I have a csv file having 300 columns. Out of these 300 columns, I need only 3 columns. Hence i defines schema for same. But when I am mapping schema to dataframe it shows only 3 columns but incorretly mapping schema with first 3 columns. Its not mapping csv columns names with my schema structfields. Please advise
from pyspark.sql.types import *
dfschema = StructType([
StructField("Call Number",IntegerType(),True),
StructField("Incident Number",IntegerType(),True),
StructField("Entry DtTm",DateType() ,True)
])
df = spark.read.format("csv")\
.option("header","true")\
.schema(dfschema)\
.load("/FileStore/*/*")
df.show(5)
CodePudding user response:
This is actually the expected behaviour of Spark's CSV-Reader.

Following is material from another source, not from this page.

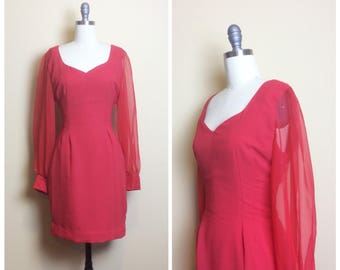 60s Orange Red Wiggle Dress With Balloon Sleeves / 1960s / Sixties / Vintage Sheer Sleeve Mod Mini Dress / Medium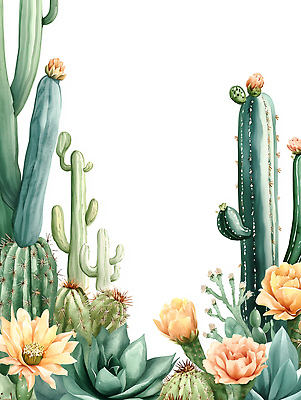 JPG 식물 디자인 꽃 화초 예술 백그라운드 일러스트 자연 생명 선인장 풍경 초원 정원 주황색 사막 식물원 조화 뷰티풀 국내일러스트 AI일러스트 AI콘텐츠 컬러 생태계 파일형식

If the columns in the csv file do not match the supplied schema, Spark treats the row as a corrupt record. The easiest way to see that is to add another column _corrupt_record
with type string to the schema. You will see that all rows are stored in this column.
The easiest way to get the correct columns would be to read the the csv file without schema (or if feasible with the complete schema) and then select the required columns. There will be no performance penalty for reading the whole csv file as (unlike in formats like parquet) Spark cannot read selected columns from csv. The file is always read completely.